Fat, Queer, NonBinary, and Clothed.

Finding clothing while fat, queer, and nonbinary is regularly difficult and often a drain on my self esteem. In my experience, when overt femininity fails (if stores even try femininity or bright colors for plus size fashion), the clothing feels like a circus tent and I feel like nothing short of a hippo. Of course, that’s if I’m lucky enough to find anything in my size because fat women are still being ignored by fashion companies or not actually being represented in the models showing off clothes. (Apparently plus size in the fashion industry can start at a size eight ?!? and seeing anyone who fits a size 20 or above is very difficult…)

But I’m not the only one to feel shame or overwhelmed with shopping for new clothes – one writer described their experience as:

Being fat is not easy because there is too much baggage you carry with yourself and one of the worst things is shopping for clothes.

The shopping struggle is almost always emotionally overwhelming with an incredulous, inevitable thought that either nothing will fit or whatever fits will look repulsive.

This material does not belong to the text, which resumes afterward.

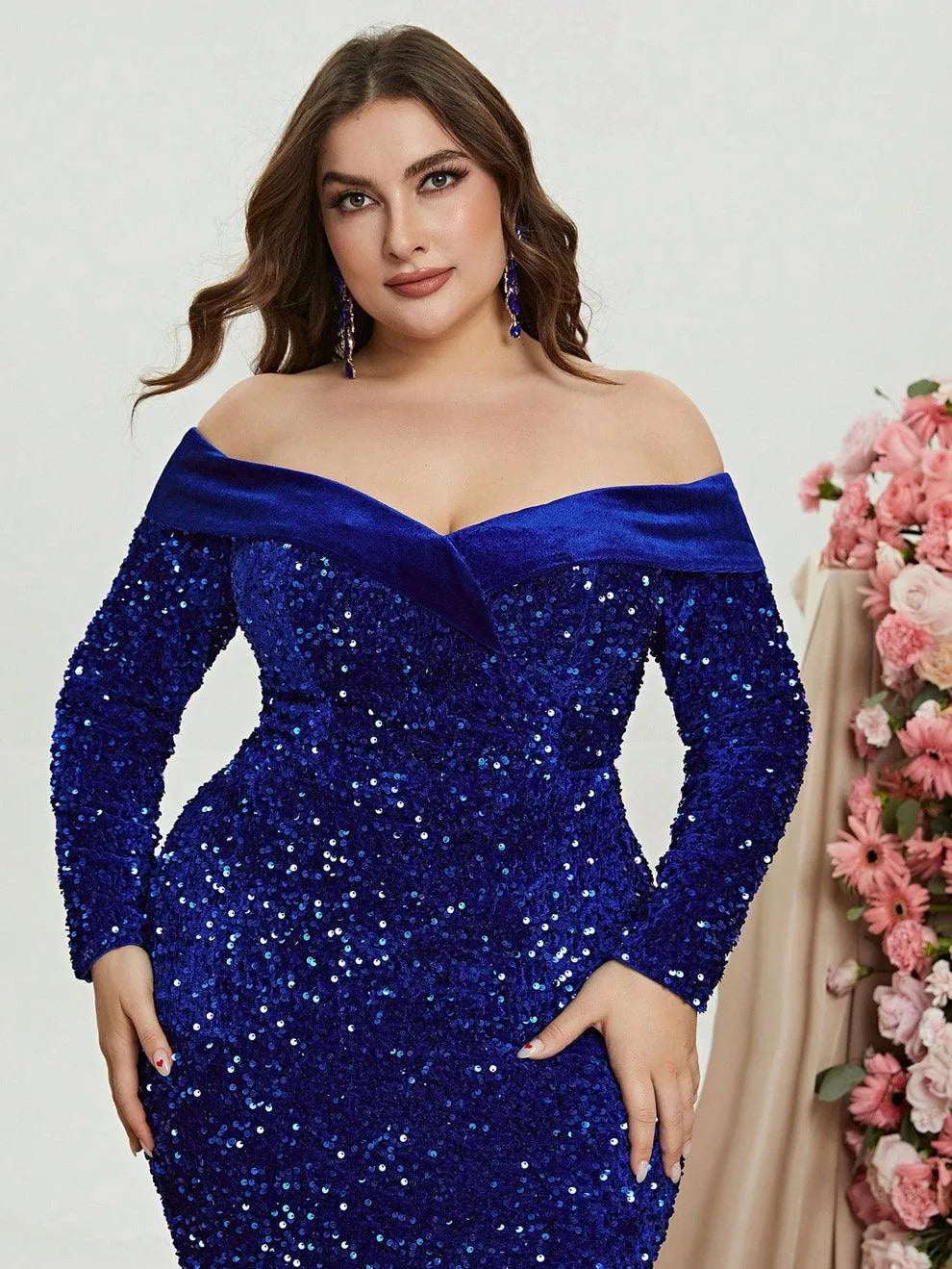 Plus Off Shoulder Long Sleeve Sequin Mermaid Dresses - Elonnashop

When I go shopping as a fat person, I hear again all of the awful things people have said to me or about fat people. I remember being called “fatty” on the street or all the times my family has been “concerned” for me and actually said something awful. I think about all the negative stereotypes or things said about fat people in the media and usually I leave a store with more tears and self loathing than clothing.

Being nonbinary, queer, and fat all at the same time makes it difficult to shop because there’e not much clothing that’s truly meant for me. Androgyny seems like it would be the solution to some of my problems but in women, it has often come to be an exceptionally narrow and exclusionary view that really just helps to reinforce mainstream beauty standards instead of push against them.

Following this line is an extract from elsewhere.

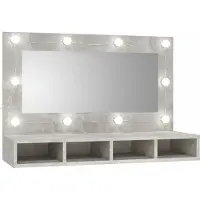 Syfax Mueble con espejo y luces LED gris hormigón 90x31,5x62 cm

And because I’m fat, I don’t fit into those same standards and again, pushed off to the side. Georgina Jones wrote about the politics of androgyny, saying that as a fat woman, she never felt comfortable enough to try and navigate the aesthetic:

My issue, before all else, is the common misrepresentation of female androgyny solely being portrayed on flat chested, thin, able and mostly white bodies. For me — for many other fat women and others in general — these kinds of representations of what androgyny means pulled me straight out of my David Bowie daydreams and straight back into a world where my body cannot be perceived as anything other than “fat.”

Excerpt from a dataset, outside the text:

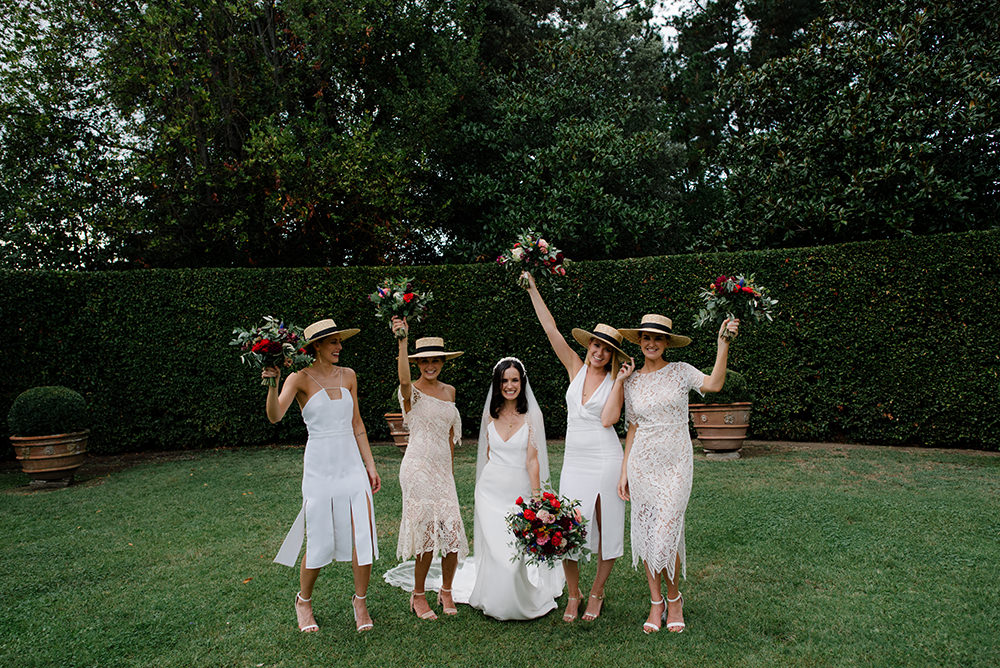 Bridesmaid Bridesmaids Dress Dresses Boater Hats Tuscany Wedding Lelia Scarfiotti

Ultimately, I’ve spent pretty much my entire life dreading the moment I need new clothes because shopping is always a stressful and horrible experience for me. Trying on clothes in a fitting room is my own personal hell because it’s in that room that I’m reminded of all the people who say I should not exist, of all the people who hate me because I am a fat person, and that I don’t fit into what it means to be a woman as someone who is nonbinary.